Share Price & Shareholder Rights - Risk 5
The price of our common stock may experience considerable volatility over time.
If our shares do begin active trading, the trading price may become subject to large price fluctuations in response to a number of events and factors, such as variations in operating results, our announcements of projects developments, announcements of competitors, changes in financial estimates, regulatory changes, recommendations by securities analysts, the share price performance of other companies that investors may deem comparable to us, news reports relating to trends in our markets, large purchases or sales of our common stock, liquidity (or absence of liquidity) in our common stock, currency fluctuations, and general economic conditions. These fluctuations may adversely affect the trading price of our common stock, regardless of our financial performance.
Share Price & Shareholder Rights - Risk 6
We cannot assure that there will be a trading market for our common stock.
There is currently no trading market for our common stock, and we cannot assure that a trading market will develop. We have no established relationship with any securities broker-dealer to initiate and maintain market quotations in our common stock, and we cannot assure that we will be able to complete the steps necessary to enable market quotations to commence. We will have no control over the price at which our common stock may be quoted or traded.
Share Price & Shareholder Rights - Risk 7
Our future success is highly dependent on the ability of management to locate and attract suitable business opportunities and our stockholders will not know what business we will enter into until we consummate a transaction with the approval of our then existing directors and officers
At this time, we have no operations and future implementation of our business plan is highly speculative, there is a consequent risk of loss of an investment in the Company.
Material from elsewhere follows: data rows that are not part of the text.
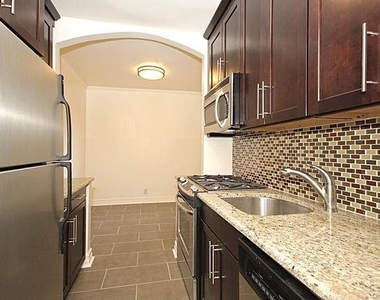 160 S Middle Neck Road - Photo Thumbnail 6
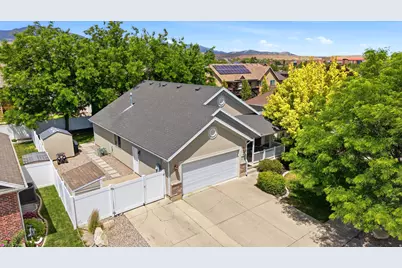 8462 S Oak Farm Dr W, West Jordan, UT 84081 - Photo 3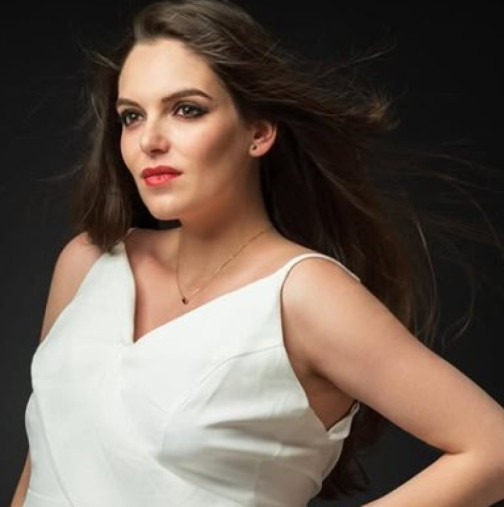 Актрисата Радина Боршош роди - Първа снимка на бебето-Ето как го кръстиха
The success of our plan of operations will depend to a great extent on the operations, financial condition and management of future business and internal development. While management intends to seek businesses opportunities with entities having established operating histories, we cannot provide any assurance that we will be successful in locating opportunities meeting that criterion. In the event we complete a business plan, the success of our operations will be dependent upon management, its financial position and numerous other factors beyond our control.
Share Price & Shareholder Rights - Risk 8
PCAOB has notified each PCAOB-Identified Firm of its determination and also publish the list on its website on Dec 16, 2021. Our current auditor, Centurion, is not subject to the determinations announced by the PCAOB on December 16, 2021.
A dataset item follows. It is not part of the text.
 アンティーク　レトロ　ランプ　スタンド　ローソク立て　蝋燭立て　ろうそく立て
We are not aware of any reasons to believe or conclude that Centurion would not permit an inspection by PCAOB or that either one may not be subject to such inspection. However, given the recent developments, we cannot assure you whether the relevant regulatory authorities would apply additional and more stringent criteria to us after considering the effectiveness of our auditor's audit procedures and quality control procedures, adequacy of personnel and training, or sufficiency of resources, geographic reach or experience as it relates to the audit of our financial statements. However, there is a possible risk that the PCAOB may be unable to inspect or investigate completely our auditor because of a position taken by an authority in a foreign jurisdiction. The SEC may propose additional rules or guidance that could impact us if our auditor is not subject to PCAOB inspection. For example, on August 6, 2020, the President's Working Group on Financial Markets, or the PWG, issued the Report on Protecting United States Investors from Significant Risks from Chinese Companies to the then President of the United States. This report recommended the SEC implement five recommendations to address companies from jurisdictions that do not provide the PCAOB with sufficient access to fulfil its statutory mandate. Some of the concepts of these recommendations were implemented with the enactment of the HFCA Act. However, some of the recommendations were more stringent than the HFCA Act. For example, if a company's auditor was not subject to PCAOB inspection, the report recommended that the transition period before a company would be delisted would end on January 1, 2022.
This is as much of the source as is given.